Priscilla, un film de Sofia Coppola sur l’amour de la vie d’Elvis Presley
Le biopic de Sofia Coppola, basé sur l’autobiographie de Priscilla Presley (qui est coproductrice du projet), Elvis and Me, publiée en 1985, dresse, en contrechamp, un tableau intime du King, à travers l’histoire de l’amour de sa vie, l’actrice Priscilla Presley. C’est elle qui prend toute la lumière dans ce film magnifié par un female gaze bienvenu qui semble vouloir venger à la fois la it girl des années 60 souvent dépeinte en groupie et toutes celles ayant été prisonnières d’une relation amoureuse toxique. Cette fois-ci, c’est la jeune femme dans l’ombre qu’il faut écouter et non les médias ou l’idole de la musique. On en oublierait presque, face à la vision de la cinéaste, qu’aucune chanson d’Elvis Presley n’a été utilisée dans Priscilla, les ayant droits de la légende du rock ayant refusé la demande.

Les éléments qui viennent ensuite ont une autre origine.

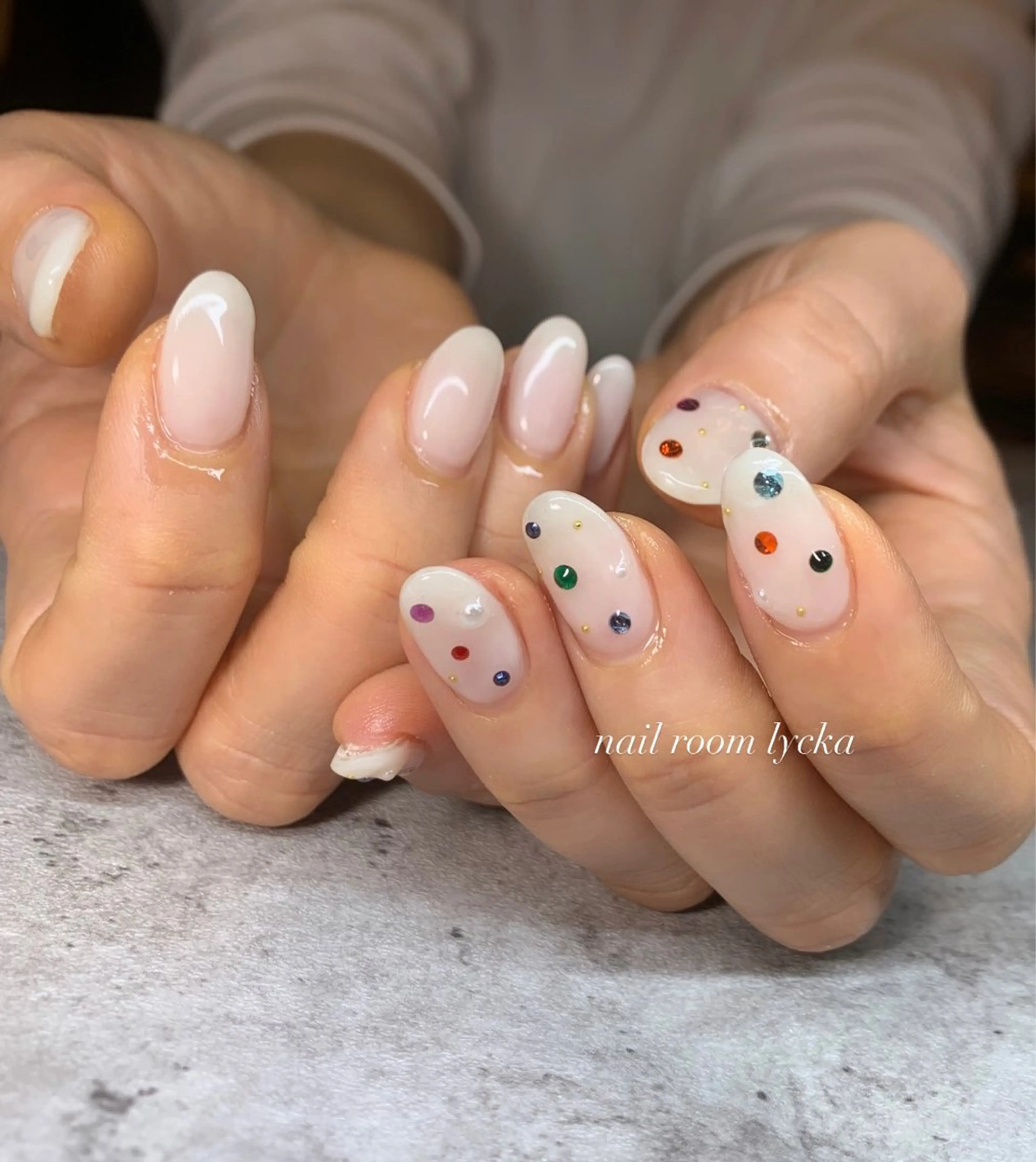 ネイル ﾈｲﾙﾙｰﾑﾘｯｶ 𝐦𝐚𝐲𝐮のネイルデザイン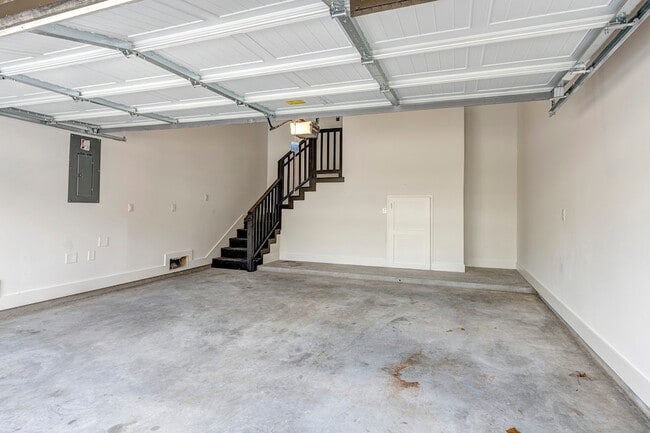 Building Photo - 1304 W 23rd St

Priscilla Presley : une icône de mode qui a influencé Lana Del Rey et Amy Winehouse
Priscilla dresse aussi le portrait de l’icône de la mode qu’est Priscilla Presley, aujourd’hui âgée de 78 ans. Coupe de cheveux façon choucroute couleur corbeau, cils épais, eye-liner ailé et robes colorées aussi courtes et sexy que chic : la jeune femme s’est imposée pour son sens du style, alliant glamour et élégance. Après son divorce, elle ouvre une boutique de vêtements de luxe à Los Angeles et débute une carrière de mannequin, de présentatrice télévisée et d’actrice. On la voit ainsi dans le rôle de Jenna Wade dans la série à succès Dallas.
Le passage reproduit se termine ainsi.